Building software is complicated, so most companies use a product manager to coordinate developers and designers. But at Behance, the creative portfolio platform owned by Adobe, typical product managers don’t exist.
"We don’t have the traditional role of product manager," says Scott Belsky, head and cofounder of Behance, which helps artists showcase their client-fetching work. The site drafts its own creative types to serve as that liaison between devs and designers.
At Behance, product managers are people with design and UX backgrounds who are making key decisions in how Behance looks and how it’s used, giving the service a sort of "for creatives, by creatives" approach.
Zach McCullough is a senior designer at Behance. He’s one of the people who wears both hats of designer and product manager.
"I have the advantage of being the audience I’m designing for," he says. "I’m involved in the entire process. It becomes a more iterative, flexible exchange."
But the roles of designer and product manager require different skills, so conflating them can get complicated. However, once you find those people who can easily bounce between the two, it significantly improves your company’s design process. For tech companies, that's become more crucial than ever.
"Design demonstrates the way you approach your product," Belsky says. "Even without having built anything yet."
He believes design has become a competitive advantage, so he warns against putting design on the periphery, or having it outsourced. Having an external team working on your product’s design slows everything down, which hinders your company’s ability to innovate at a quick clip.
And since having talented, in-house designers is so important, it can pay off to put them at the head of the table. How’d Behance arrive at this conclusion? At first, it just sort of happened out of circumstance.
McCullough says that it’s hard to justify the formal role of product manager when you’re just starting out and you’ve got a room of five people. As a company grows, a product manager becomes necessary. But as more people are introduced into the equation, McCullough says the higher the likelihood of miscommunication, and the greater the chance of the designer being sidelined as a product’s getting pushed out the door.
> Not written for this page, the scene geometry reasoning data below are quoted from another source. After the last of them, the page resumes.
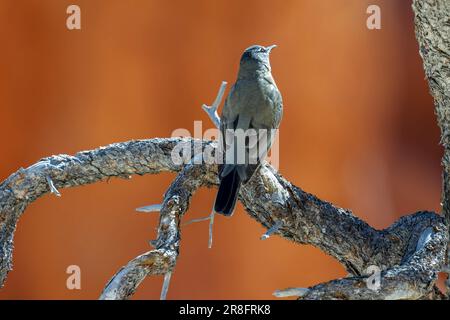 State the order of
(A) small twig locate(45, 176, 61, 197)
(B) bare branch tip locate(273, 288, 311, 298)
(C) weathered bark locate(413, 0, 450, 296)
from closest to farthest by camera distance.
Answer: (B) bare branch tip locate(273, 288, 311, 298) → (C) weathered bark locate(413, 0, 450, 296) → (A) small twig locate(45, 176, 61, 197)

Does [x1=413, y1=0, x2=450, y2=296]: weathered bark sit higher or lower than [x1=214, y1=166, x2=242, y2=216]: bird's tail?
higher

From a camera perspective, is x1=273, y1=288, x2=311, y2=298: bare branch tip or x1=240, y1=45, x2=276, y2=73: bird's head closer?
x1=273, y1=288, x2=311, y2=298: bare branch tip

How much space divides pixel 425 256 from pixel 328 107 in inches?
136

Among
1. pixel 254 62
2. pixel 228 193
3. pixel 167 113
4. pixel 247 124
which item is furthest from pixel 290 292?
pixel 167 113

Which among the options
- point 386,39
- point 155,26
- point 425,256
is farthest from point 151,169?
point 386,39

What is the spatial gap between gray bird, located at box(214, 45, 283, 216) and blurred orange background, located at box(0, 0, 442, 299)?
2307mm

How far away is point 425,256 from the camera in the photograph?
8.64 ft

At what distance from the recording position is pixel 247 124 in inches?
123

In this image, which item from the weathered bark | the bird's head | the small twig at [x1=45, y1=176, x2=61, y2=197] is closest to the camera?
the weathered bark

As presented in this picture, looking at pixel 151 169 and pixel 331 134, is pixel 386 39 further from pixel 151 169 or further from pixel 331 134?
pixel 151 169

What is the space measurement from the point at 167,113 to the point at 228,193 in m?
2.93

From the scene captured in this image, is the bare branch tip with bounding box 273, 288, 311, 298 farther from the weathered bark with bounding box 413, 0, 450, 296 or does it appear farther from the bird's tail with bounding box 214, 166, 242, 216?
the weathered bark with bounding box 413, 0, 450, 296

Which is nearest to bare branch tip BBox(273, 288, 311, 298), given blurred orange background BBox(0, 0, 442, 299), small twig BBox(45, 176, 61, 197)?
small twig BBox(45, 176, 61, 197)

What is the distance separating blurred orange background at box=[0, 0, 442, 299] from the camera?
5.48 metres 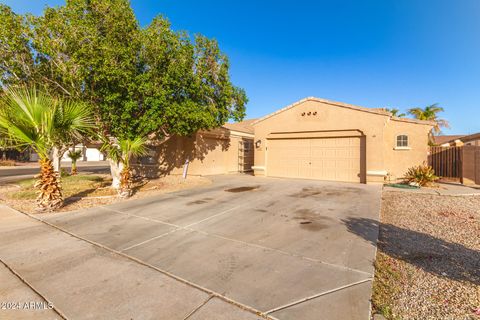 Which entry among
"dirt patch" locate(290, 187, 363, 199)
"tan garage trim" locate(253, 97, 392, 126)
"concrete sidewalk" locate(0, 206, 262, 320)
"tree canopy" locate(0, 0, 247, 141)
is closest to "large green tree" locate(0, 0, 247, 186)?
"tree canopy" locate(0, 0, 247, 141)

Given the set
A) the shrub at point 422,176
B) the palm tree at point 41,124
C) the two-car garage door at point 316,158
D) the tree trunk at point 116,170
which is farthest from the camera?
the two-car garage door at point 316,158

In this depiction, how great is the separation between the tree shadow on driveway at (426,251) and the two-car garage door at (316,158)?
773 centimetres

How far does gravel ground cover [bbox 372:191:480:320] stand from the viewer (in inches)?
108

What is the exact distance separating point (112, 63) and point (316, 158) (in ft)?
37.7

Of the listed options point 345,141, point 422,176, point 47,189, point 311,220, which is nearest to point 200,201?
point 311,220

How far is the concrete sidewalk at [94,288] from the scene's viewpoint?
264cm

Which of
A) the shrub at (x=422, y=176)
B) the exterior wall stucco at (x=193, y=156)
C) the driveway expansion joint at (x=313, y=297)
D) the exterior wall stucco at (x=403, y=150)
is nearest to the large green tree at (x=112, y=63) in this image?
the exterior wall stucco at (x=193, y=156)

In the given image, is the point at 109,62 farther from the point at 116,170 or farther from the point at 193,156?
the point at 193,156

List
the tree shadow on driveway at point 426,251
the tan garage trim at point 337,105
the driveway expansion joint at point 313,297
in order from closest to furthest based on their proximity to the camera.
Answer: the driveway expansion joint at point 313,297 → the tree shadow on driveway at point 426,251 → the tan garage trim at point 337,105

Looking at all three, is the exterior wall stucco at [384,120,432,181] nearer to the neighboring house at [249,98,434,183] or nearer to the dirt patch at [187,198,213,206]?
the neighboring house at [249,98,434,183]

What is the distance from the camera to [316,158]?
45.9 ft

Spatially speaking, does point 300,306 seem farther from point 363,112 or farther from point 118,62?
point 363,112

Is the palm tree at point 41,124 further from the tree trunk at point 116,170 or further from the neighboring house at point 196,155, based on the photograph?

So when Belsky started to bring in fresh blood, he wanted to scale the model by hiring designers with a solid sense of product, strategy, management, and diplomacy. Then, those folks brought those skills—as well as that design-centric perspective—into their product manager jobs.
"Designers who ‘just want to design’ won’t succeed on our team," Belsky says.
In McCullough’s case, he worked on Behance’s activity feed, its notification system, and its redesigned job list. He acted as the creative force (as a designer) and the organizational force (as a product manager), seeing those projects from inception to completion. Splitting his efforts gave him greater perspective and control over his projects. He was one person doing what could be a two-person (or more) job.
"If you have a designer through every step of the process, considering every detail that comes up—of which there will literally be thousands," McCullough says, "the end result is much tighter, and makes more sense."
Belsky points out that, at many tech companies, designers have risen to leadership roles across the board: Airbnb founders Brian Chesky and Joe Gebbia are both designers, for instance, as is Pinterest’s Evan Sharp. (Belsky cofounded Behance with graphic designer Matias Corea.)
Why does Belsky think this trend is happening? It’s because he believes "design is about a lot more than product." Design can be a key factor in a company’s success, from "illuminating the importance of typography in brand identity" to "creating an office space conducive for collaboration."
"Quite simply, design is the DNA of everything," Belsky says.
This appreciation made Behance a natural pair with Adobe, which bought Behance in late 2012.
"If you look back at Adobe’s history, you’ll see it was backed by engineers who wanted to make something," says Russell Brady, communications director at Adobe. "That made it easy for Adobe to acquire [design-focused] companies like Behance and give those kind of companies empowerment."
For McCullough, who used to design ads for luxury liquor brands, having such influence in a project he's designed can be especially fulfilling.
"You’re like, why am I working on JohnnieWalker.com?" he says. "But the prospect of designing something for an audience of designers, and also helping other designers, is really attractive."
It’s even more attractive to the company as a whole. Putting innovative designers—who are flexible and are good at coordinating with non-designers—in control can maximize a product’s potential.
"In the early days, when you’re selling the vision to investors and, more importantly, to early employees, great design helps people visualize the possibilities," Belsky says. "You can give them a glimpse of the future."
Behance’s hybrid role helps the company make sure that its future is as promising as possible.